Exercise directions
Take the data below and copy exactly the lines starting at the one with "However, if you" and finishing at the one with "So the other", both included.

┄┄┄┄┄┄┄┄┄┄┄┄┄┄┄┄┄┄┄┄

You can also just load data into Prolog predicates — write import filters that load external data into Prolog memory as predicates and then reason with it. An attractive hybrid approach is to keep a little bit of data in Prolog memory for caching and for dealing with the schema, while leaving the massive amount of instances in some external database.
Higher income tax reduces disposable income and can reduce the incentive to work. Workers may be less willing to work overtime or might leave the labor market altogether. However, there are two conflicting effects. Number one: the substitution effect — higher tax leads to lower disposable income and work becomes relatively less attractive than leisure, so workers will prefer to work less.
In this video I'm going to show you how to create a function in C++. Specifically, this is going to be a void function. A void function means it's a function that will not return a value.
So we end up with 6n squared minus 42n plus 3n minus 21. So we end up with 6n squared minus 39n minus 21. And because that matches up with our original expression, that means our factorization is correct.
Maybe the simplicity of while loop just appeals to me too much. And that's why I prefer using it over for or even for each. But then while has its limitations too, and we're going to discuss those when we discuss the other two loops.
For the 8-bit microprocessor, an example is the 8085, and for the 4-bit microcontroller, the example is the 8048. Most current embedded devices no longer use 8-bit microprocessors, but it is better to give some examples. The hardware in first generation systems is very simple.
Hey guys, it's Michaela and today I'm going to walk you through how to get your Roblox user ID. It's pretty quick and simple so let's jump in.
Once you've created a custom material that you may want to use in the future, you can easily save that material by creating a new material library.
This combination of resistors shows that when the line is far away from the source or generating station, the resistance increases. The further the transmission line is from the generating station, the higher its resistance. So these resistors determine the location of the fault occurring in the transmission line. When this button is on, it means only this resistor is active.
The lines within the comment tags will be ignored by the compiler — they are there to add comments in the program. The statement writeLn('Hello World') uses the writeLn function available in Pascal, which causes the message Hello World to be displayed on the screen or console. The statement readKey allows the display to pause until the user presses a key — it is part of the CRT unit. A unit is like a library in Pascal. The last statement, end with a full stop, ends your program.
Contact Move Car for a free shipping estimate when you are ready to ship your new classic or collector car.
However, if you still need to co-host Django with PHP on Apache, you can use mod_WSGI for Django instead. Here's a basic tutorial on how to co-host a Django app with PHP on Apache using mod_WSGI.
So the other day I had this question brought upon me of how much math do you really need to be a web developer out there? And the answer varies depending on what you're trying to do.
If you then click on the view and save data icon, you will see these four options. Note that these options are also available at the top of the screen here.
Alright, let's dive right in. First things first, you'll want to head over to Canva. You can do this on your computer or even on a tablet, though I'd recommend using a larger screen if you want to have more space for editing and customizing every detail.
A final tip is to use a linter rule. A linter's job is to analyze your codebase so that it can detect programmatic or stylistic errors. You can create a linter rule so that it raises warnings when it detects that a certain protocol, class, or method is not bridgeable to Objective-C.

┄┄┄┄┄┄┄┄┄┄┄┄┄┄┄┄┄┄┄┄

Output of the task
However, if you still need to co-host Django with PHP on Apache, you can use mod_WSGI for Django instead. Here's a basic tutorial on how to co-host a Django app with PHP on Apache using mod_WSGI.
So the other day I had this question brought upon me of how much math do you really need to be a web developer out there? And the answer varies depending on what you're trying to do.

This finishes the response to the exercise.